As it happens I am still committed to the idea that the ability to think for oneself depends on one’s mastery of the language. . . (“Slouching Towards Bethlehem”)
As it happens. As if it was an aside, something offhand like a change in the weather, as if the commitment was not a matter of choice, just something that “happens,” not even personal, not even from her, from it. As it happens, and what follows is as clear and defining a statement, a commitment, as any author ever wrote. As it happens has a tone of airiness, of triviality even, and committed does not; and the contradiction between the two gives the half-sentence its power, disarming, uncanny. I am committed to this, she says, this is my Credo, but As it happens takes it out of the realm of courage and into that of accident; her commitment becomes an attribute, one more among others, like her slim frame, her shocking eyes. That is what Joan Didion could do with three words. Read her essays, her novels; As it happens there are flips like that on every page, multiple times, the meaning always dancing, always clear, never anyone else’s but her own.
As it happens, she was born and raised in California, in Sacramento, not far from where I’m typing, and like Sam Peckinpah, another great artist of the place, she lived to see the end of an old way of life and the beginning of a new one. She took her beliefs and her prose from a place, as she said, “that placed not much emphasis on why“; a place of floods and fire and earthquakes, where the land was both implacably hostile and a resource to be stripped for parts and profit, where all the judgment in the world won’t get the water to your tap, kill the rattlesnake, make the deal. She knew, as those who saw a world made rather than inherited one, what was necessary and why that mattered more than what was good.
Her grandfather was a geologist and that gave her an array of metaphors, and as she wrote in The Year of Magical Thinking, a faith that others, like her husband and writing partner (I give the two equal emphasis, and so did she) John Gregory Dunne had in religion, a belief in the world without end in which we cannot know. It gave her words and her self a certainty that let her survive nervous breakdowns and family tragedy; a faith that, like George Orwell’s faith in the English people, enabled her to survive as a writer social upheaval and turn it into source material for her art, and her profession. (Didion was Jane Austen clobbered by the 1960s just as Orwell was William Thackeray clobbered by the 1930s.) She understood the fundamental selfishness of the act of creation, and never condemned herself for it, because As it happens, that is what she did, that is who she was.

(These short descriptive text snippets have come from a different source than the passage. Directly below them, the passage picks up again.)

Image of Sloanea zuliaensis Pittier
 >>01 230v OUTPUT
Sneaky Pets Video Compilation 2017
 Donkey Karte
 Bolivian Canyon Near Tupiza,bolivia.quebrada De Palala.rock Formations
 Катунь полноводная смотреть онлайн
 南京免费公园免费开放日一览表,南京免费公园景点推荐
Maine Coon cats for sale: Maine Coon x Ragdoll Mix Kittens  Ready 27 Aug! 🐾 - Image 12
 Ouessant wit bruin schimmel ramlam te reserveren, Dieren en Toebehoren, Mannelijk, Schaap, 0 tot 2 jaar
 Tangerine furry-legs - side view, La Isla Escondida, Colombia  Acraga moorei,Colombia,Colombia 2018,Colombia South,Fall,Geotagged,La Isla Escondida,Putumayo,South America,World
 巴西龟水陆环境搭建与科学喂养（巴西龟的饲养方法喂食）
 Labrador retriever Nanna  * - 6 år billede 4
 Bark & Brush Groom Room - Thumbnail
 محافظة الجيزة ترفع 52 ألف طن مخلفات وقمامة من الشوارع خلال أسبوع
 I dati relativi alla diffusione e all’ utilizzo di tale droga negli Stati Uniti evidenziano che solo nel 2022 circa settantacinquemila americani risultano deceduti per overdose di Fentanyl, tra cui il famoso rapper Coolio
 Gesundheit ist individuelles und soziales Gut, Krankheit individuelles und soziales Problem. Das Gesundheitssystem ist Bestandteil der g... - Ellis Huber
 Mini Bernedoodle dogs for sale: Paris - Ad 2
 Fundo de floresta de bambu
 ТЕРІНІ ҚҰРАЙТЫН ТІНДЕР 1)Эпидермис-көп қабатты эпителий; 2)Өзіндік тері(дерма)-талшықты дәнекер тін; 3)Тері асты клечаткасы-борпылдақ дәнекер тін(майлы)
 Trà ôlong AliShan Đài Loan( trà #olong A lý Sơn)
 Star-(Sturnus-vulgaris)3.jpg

She was a stone fucking professional as a writer, taking the jobs and getting them done, even legendarily getting called in to write a replacement article at Vogue and not just writing one of her best essays ever, but hitting the exact character count while doing it. She and Dunne made a good living as screenwriters for the film industry, which meant occasionally making a movie but more often revising and polishing the scripts of others, taking meetings, doing the work. When she looked back and decided what she wrote was wrong, she said so; her last two great books were about the two loves of her life, California (Where I Was From) and her family (The Year of Magical Thinking) and they are both revisions of her beliefs, finding the past wasn’t so different from the present, and her style, finding the need to speak clearly, “if only for myself.” She wrote one more book after that, Blue Nights, about the death of her daughter, and it’s both evidence of and lament for the disappearance of her talent: the grace wasn’t there, the voice less confident, the prose more obvious.
It’s cruel to acknowledge that. It’s also necessary.
I learned that from her.
Good-bye, Lady Joan. As it happens, I wouldn’t be this way without you.